Il LINGUAGGIO della storiografia

Riconduci ciascuna delle seguenti espressioni allo storico che l’ha utilizzata e contestualizzala rispetto alla tesi sostenuta nei testi che hai letto (massimo 5 righe).


a) La dimensione della migrazione che è qui considerata è di ordine biografico.

b) Ogni mera “classificazione” di processi migratori storici [è] una astrazione estremamente schematica.

c) Tutto si riduce a voler sostituire alla coppia luogo d’origine/luogo d’arrivo la diade spazio vissuto/spazio investito.

d) Da quando esiste l’Homo sapiens esiste anche l’Homo migrans.

Storie A CONFRONTO

Individua la tesi di fondo dei due testi proposti aiutandoti con lo schema di inizio sezione e compila la seguente scheda di sintesi e comparazione dei documenti.


  Classificare le migrazioni

Le migrazioni fra radicamento e rottura
TESI    
ARGOMENTAZIONI    
PAROLE CHIAVE    
Cooperative Learning

competenza DIGITALE La Convenzione di Ginevra del 1951 sui rifugiati stabilisce, nell’articolo 1, una definizione di rifugiato. In gruppi di massimo 5 persone leggete il primo articolo e confrontate la definizione con quella riportata in dizionari o enciclopedie, per esempio il lemma dell’Enciclopedia online Treccani (www.treccani.it/enciclopedia/rifugiato). Una volta completato il confronto realizzate il vostro lemma di “rifugiato”.

percorso 2

Storia di genere e storia delle donne

La storia delle donne e la storia di genere rappresentano alcune fra le più significative innovazioni metodologiche e prospettiche registrate negli ultimi decenni nella storiografia mondiale. La prima ha consentito non soltanto d’indagare quella metà del mondo a lungo trascurata, apprezzandone così anche il ruolo spesso assai rilevante nelle vicende della Grande storia. La seconda ha invece ulteriormente ampliato il campo, permettendo di vedere il “genere” come prodotto delle relazioni umane, come una costruzione culturale oltre che come un dato biologico, e quindi di rileggere in questa chiave la storia politico-diplomatica, militare, economica e sociale. 
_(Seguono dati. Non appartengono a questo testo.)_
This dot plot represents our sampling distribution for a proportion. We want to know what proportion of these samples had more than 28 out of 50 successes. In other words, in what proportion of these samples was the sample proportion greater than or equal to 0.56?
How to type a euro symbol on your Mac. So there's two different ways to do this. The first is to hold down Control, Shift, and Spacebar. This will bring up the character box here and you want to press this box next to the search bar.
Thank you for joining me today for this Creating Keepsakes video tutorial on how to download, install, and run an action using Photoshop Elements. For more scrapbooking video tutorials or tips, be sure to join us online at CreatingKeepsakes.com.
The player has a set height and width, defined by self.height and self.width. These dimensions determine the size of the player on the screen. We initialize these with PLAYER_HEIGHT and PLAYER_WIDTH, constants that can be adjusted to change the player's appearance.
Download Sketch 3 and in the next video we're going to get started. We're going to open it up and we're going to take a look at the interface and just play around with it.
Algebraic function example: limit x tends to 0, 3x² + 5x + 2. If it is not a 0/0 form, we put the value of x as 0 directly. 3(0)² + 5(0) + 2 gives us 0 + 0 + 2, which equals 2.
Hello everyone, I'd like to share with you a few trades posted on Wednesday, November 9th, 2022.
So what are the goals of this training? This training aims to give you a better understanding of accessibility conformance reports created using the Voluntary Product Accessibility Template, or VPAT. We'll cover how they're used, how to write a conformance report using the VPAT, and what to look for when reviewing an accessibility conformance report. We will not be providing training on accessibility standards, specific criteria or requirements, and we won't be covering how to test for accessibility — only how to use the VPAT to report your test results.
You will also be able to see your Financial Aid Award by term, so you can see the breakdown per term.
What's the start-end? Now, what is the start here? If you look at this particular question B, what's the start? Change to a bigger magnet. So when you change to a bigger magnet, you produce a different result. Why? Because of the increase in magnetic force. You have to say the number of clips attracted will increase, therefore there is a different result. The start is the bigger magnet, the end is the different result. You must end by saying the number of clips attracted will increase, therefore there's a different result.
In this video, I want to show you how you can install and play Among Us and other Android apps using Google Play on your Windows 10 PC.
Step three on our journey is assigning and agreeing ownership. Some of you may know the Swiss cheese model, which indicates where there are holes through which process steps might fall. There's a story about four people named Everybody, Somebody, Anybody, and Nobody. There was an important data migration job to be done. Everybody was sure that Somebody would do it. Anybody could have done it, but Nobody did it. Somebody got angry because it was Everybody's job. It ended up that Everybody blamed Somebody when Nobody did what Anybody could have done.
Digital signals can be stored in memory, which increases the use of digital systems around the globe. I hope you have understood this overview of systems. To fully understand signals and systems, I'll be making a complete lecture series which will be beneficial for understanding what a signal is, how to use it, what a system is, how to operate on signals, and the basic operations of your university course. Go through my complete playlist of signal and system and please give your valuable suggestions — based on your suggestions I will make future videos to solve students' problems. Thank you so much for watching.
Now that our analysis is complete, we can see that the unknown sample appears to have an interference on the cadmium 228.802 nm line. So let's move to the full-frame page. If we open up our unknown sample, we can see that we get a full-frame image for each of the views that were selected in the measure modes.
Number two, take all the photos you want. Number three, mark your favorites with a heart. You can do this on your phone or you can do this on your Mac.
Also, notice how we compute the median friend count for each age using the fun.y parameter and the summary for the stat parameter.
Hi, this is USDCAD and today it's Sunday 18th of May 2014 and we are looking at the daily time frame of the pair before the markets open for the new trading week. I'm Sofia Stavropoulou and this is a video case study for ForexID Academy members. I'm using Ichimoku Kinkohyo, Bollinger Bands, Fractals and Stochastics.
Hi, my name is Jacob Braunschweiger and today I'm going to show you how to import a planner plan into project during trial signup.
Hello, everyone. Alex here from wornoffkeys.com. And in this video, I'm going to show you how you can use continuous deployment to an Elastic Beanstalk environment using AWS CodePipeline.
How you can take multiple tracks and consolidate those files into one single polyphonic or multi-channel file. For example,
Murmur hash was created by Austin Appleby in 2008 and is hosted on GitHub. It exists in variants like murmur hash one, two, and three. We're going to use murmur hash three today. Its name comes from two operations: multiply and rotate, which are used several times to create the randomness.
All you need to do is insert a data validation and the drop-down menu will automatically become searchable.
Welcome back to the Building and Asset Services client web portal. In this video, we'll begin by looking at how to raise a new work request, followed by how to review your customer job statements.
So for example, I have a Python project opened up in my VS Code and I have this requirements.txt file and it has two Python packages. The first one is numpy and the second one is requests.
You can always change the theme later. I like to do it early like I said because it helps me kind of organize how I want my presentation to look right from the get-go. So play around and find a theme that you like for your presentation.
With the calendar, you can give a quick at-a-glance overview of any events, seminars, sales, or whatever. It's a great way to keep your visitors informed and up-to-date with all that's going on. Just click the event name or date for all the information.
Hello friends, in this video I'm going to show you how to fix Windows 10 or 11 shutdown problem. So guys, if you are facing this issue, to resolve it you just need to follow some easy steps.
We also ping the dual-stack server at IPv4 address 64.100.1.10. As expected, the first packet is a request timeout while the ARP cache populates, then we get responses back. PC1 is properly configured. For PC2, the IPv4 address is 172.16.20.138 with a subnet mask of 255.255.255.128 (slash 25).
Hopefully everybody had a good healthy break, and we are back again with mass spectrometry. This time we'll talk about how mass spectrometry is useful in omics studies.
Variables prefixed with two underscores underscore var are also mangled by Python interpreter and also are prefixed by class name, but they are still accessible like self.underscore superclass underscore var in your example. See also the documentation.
Di solito considerate l’una (la storia di genere) una filiazione dell’altra (la storia delle donne), esse non vanno confuse, tanto più dopo la ricezione assai diversificata che la storia di genere ha avuto nei diversi contesti storiografici nazionali, il suo intersecare la World history e le polemiche recentemente nate sulla sua natura meno impegnata rispetto a quella della storia delle donne, in origine assai vicina al femminismo degli anni Settanta del Novecento.